*Nikkei down 1.2 percent on uncertainty about bailout plan
*Firmer yen weighs on exporters
*Sumitomo Mitsui gains on report to invest in Goldman Sachs
*Nomura jumps on news to buy Lehman Asia, Europe units
*Mitsubishi UFJ rises after news to take stake in Morgan
(Adds stocks and comments)
By Aiko Hayashi
TOKYO, Sept 24 (Reuters) - The Nikkei average fell 1.2
percent on Wednesday amid fear that U.S. congressional wrangling
could delay a proposed $700 billion plan to rescue the financial
sector, while exporters such as Canon <7751.T> slid on a firmer
yen.
But the market pared earlier losses on hopes for a rebound on
Wall Street later in the day after a report that Sumitomo Mitsui
Financial Group <8316.T> may invest in U.S. investment bank
Goldman Sachs <GS.N>.
Market analysts said the decision by Warren Buffett's
Berkshire Hathaway to invest $5 billion in Goldman Sachs was also
lending support.
"The SMFG report is positive, making investors expect a
rebound in U.S. stocks on hopes for a stabilising financial
system," said Yutaka Miura, deputy manager of the equity
information department at Shinko Securities.
But analysts also said that uncertainty about the U.S.
bailout plan was still weighing on the market.
"The market is waiting for the bailout plan to be approved by
Congress, but things are not going as smoothly as initially
thought," said Katsuhiko Kodama, senior strategist at Toyo
Securities.
U.S. lawmakers scoffed at the huge size of the proposed
bailout and its lack of detail, and U.S. stocks closed down about
1.5 percent on Tuesday on the lack of certainty over when and how
Washington would act. []
The benchmark Nikkei average <> shed 140.19 points to
end the morning at 11,950.40. The broader Topix <> declined
1.3 percent to 1,153.65.
The Japanese market was closed on Tuesday for a national
holiday. The Nikkei had risen 1.4 percent to a one-week closing
high on Monday.
JAPANESE BANKS TO THE RESCUE?
Sumitomo Mitsui Financial rose 2.2 percent to 691,000 yen
after Kyodo news agency reported that Japan's third-largest bank
plans to invest in Goldman Sachs. []
Nomura Holdings <8604.T> climbed 4.8 percent to 1,499 yen
after Japan's top broker said it would buy the Asian and European
operations of failed U.S. investment bank Lehman Brothers
<LEHMQ.PK> to help it expand overseas. []
Mitsubishi UFJ Financial Group <8306.T> advanced 3.5 percent
to 929 yen after Japan's largest bank said it would take a stake
in U.S. investment bank Morgan Stanley <MS.N>. []

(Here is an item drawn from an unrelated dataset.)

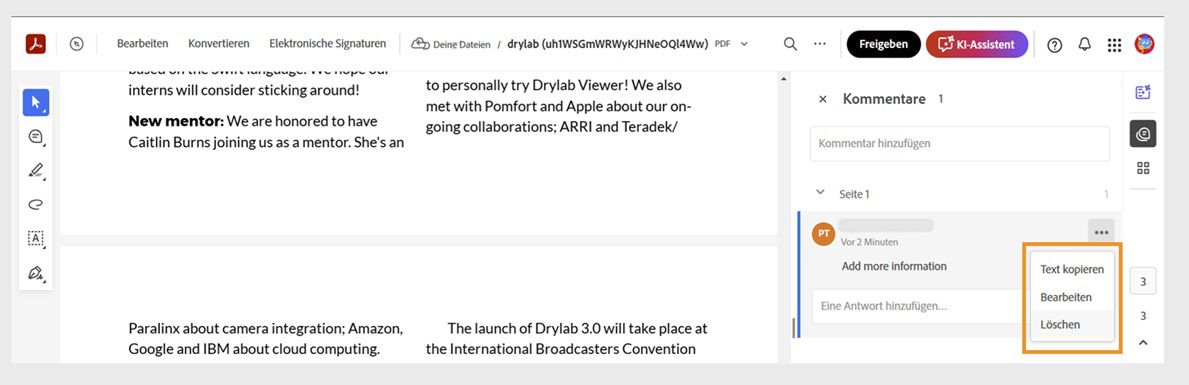 Der ausgewählte Kommentar im Kommentarbereich enthält ein Symbol mit drei Punkten, das die Optionen Bearbeiten oder Löschen enthält.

"Investors like Nomura's move as it showed the firm started
taking action to become the world's No.1 brokerage," said
Takahiko Murai, general manager of equities at Nozomi Securities.
"But investors are divided on Mitsubishi UFJ's investment in
Morgan as they don't know if it can acquire Morgan's expertise in
investment banking with the move and the brokerage may announce
appraisal losses in October."
Last week saw a dramatic reshaping of the financial landscape
as AIG <AIG.N> was bailed out, Lehman filed for bankruptcy and
Merrill Lynch <MER.N> was forced into partnership with Bank of
America <BAC.N>.
EXPORTERS DOWN
Blue-chip exporters fell as investors fret over a stronger
yen, which would curb exporters' overseas profits when they are
brought home.
Canon slid 3.9 percent to 4,180 yen and Honda Motor Co
<7267.T> lost 3.7 percent to 3,370 yen.
The dollar was little changed at 105.44 yen <JPY=> after
hitting a high of 105.90 yen.
Trade was light on the Tokyo exchange's first section, with
892 million shares changing hands, below last week's morning
average of 1.1 billion.
Declining stocks beat advancing ones by nearly 3 to 1.